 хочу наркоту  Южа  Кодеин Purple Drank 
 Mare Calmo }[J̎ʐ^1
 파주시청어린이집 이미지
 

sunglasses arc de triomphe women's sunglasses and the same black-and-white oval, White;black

-------

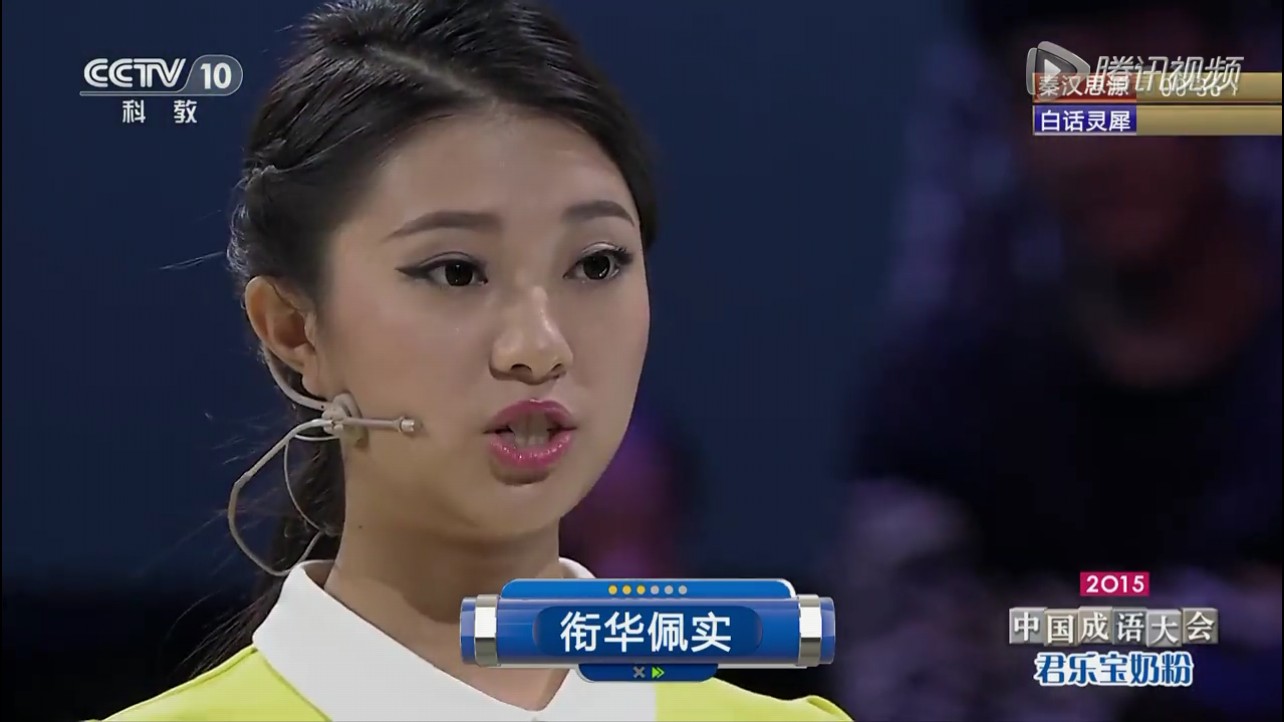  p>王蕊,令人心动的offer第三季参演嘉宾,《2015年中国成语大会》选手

-------

Word for word, restate the lines above from the line containing "Кодеин Purple Drank" through the line containing "sunglasses arc de", with both included and nothing else.

**Your response**
 хочу наркоту  Южа  Кодеин Purple Drank 
 Mare Calmo }[J̎ʐ^1
 파주시청어린이집 이미지
 

sunglasses arc de triomphe women's sunglasses and the same black-and-white oval, White;black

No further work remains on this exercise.